=== EXERCISE OBJECTIVE ===
What this exercise needs is every entry restated as written, with no pictures.

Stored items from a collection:
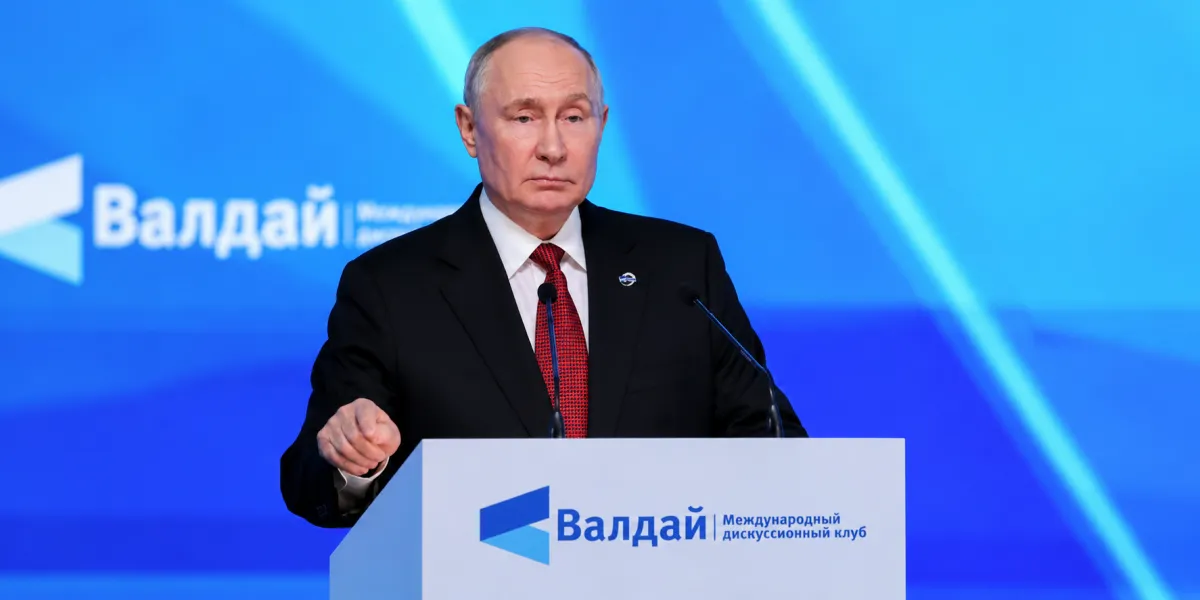Russia Today | Kyiv Attacks, Diesel Restrictions and Western Asset Disputes Intensify Pressure on Moscow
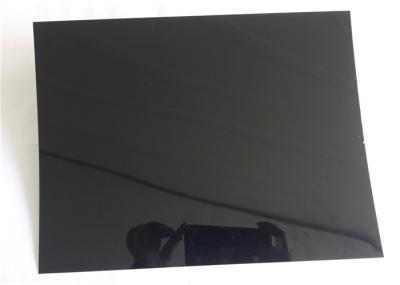 Acp Material Mirror Polished Aluminum Sheet Bright Finish Mirror High Humidity Resistance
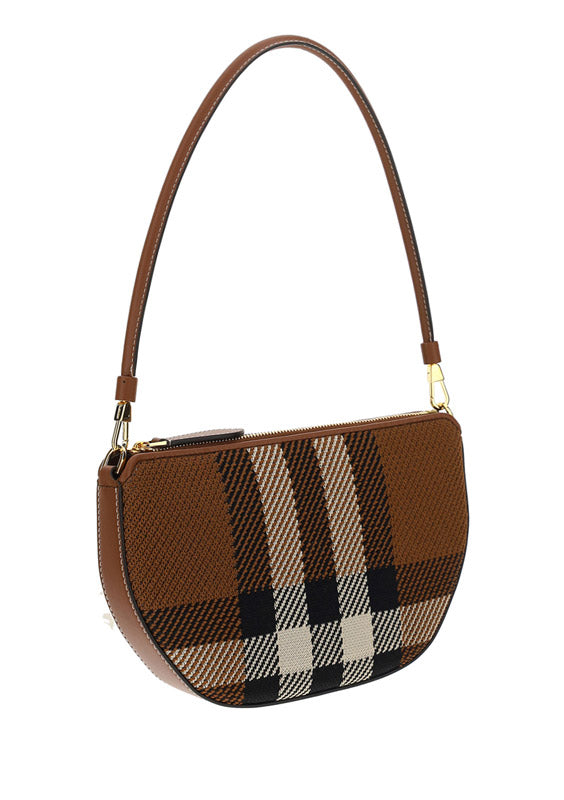 Olympia Pouch - Birch Brown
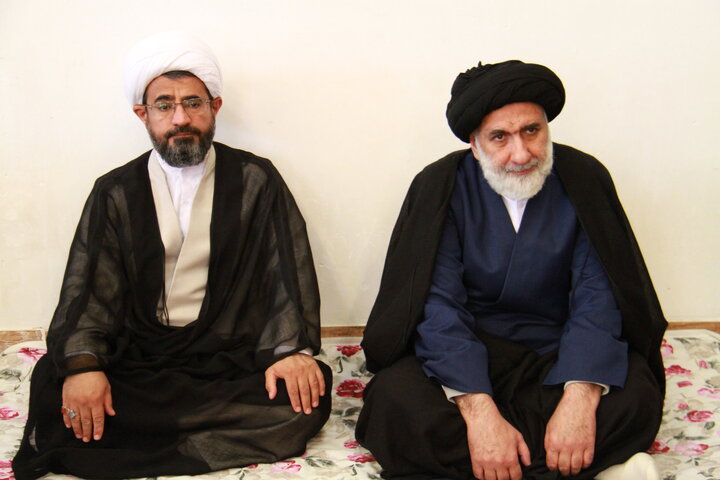 تصاویر/ خروش حوزویان چهارمحادر محکومیت اهانت به قرآن و مقدسات اسلامی و حمایت از رهبری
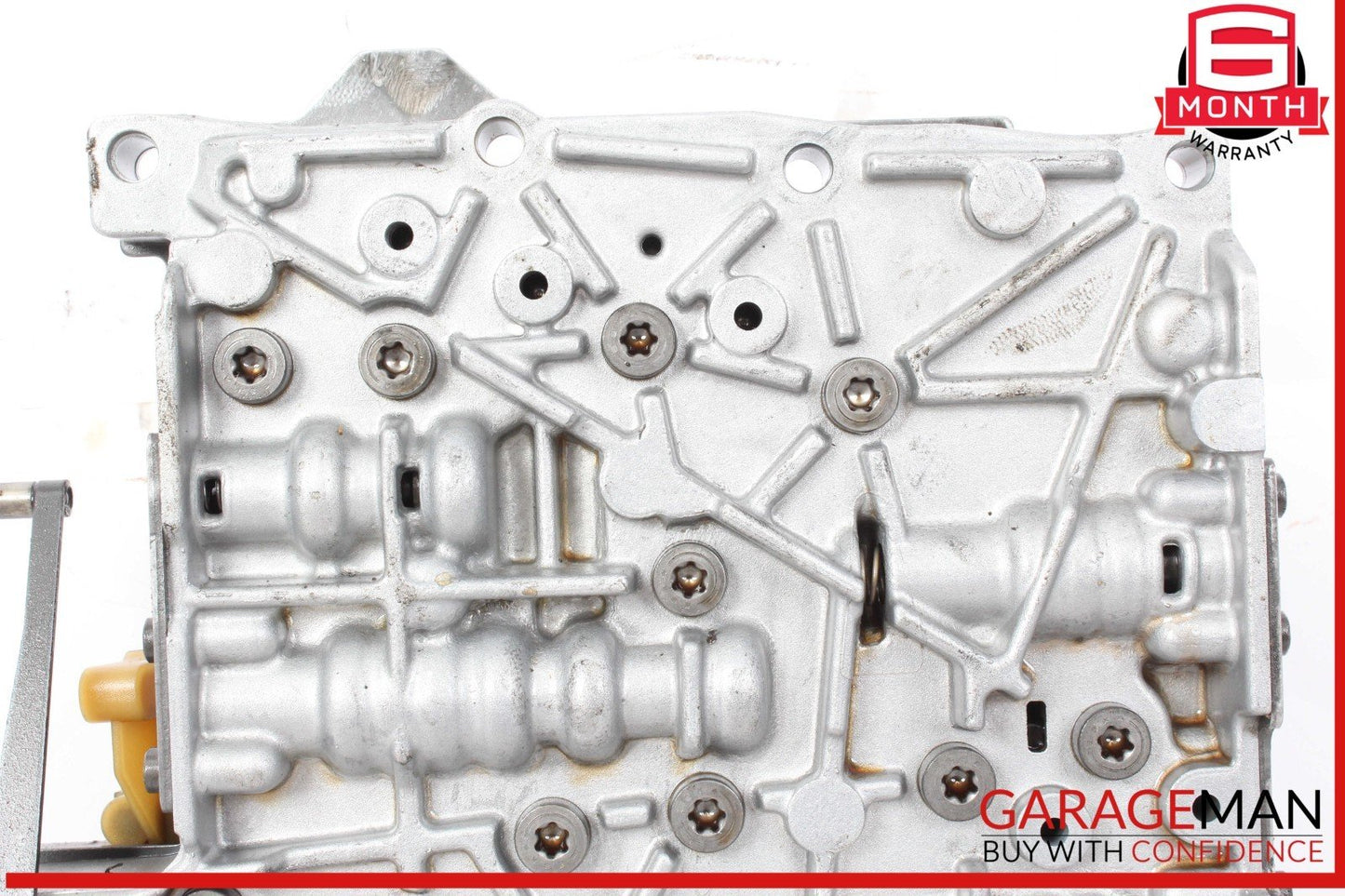 Mercedes W203 C280 E350 7G Tronic Transmission Valve Body 2202770801 OEM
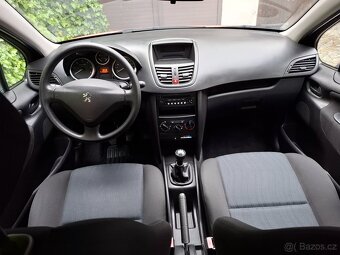 Peugeot 207 1,4HDI púvod ČR - 8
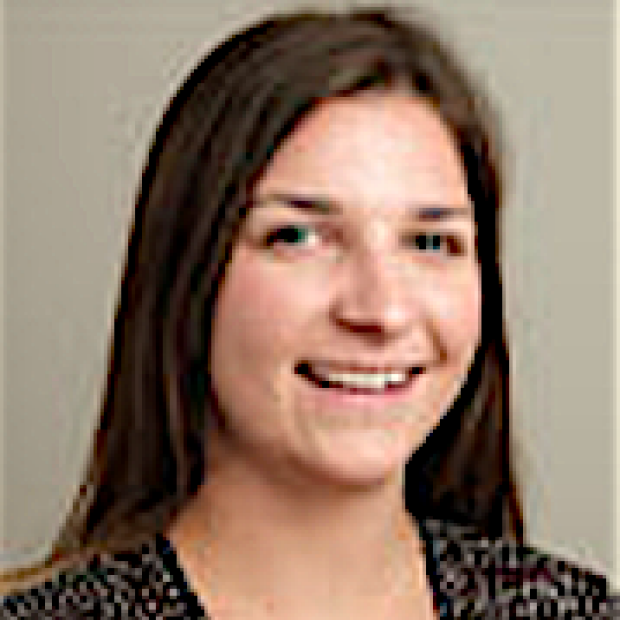 Raminta Theriault, fellowship faculty at Stanford Medicine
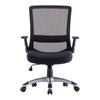 WORK SMART Office Chair with Lumbar Support -460081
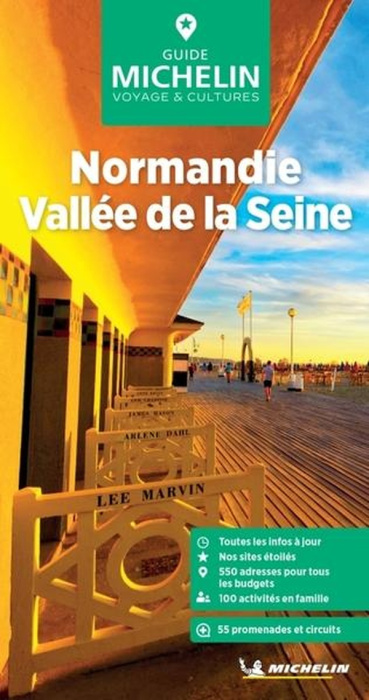 Emprunter Normandie, Vallée de Seine. Edition 2025 livre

=== PROBLEM SOLUTION ===
Russia Today | Kyiv Attacks, Diesel Restrictions and Western Asset Disputes Intensify Pressure on Moscow
 Acp Material Mirror Polished Aluminum Sheet Bright Finish Mirror High Humidity Resistance
 Olympia Pouch - Birch Brown
 تصاویر/ خروش حوزویان چهارمحادر محکومیت اهانت به قرآن و مقدسات اسلامی و حمایت از رهبری
 Mercedes W203 C280 E350 7G Tronic Transmission Valve Body 2202770801 OEM
 Peugeot 207 1,4HDI púvod ČR - 8
 Raminta Theriault, fellowship faculty at Stanford Medicine
 WORK SMART Office Chair with Lumbar Support -460081
 Emprunter Normandie, Vallée de Seine. Edition 2025 livre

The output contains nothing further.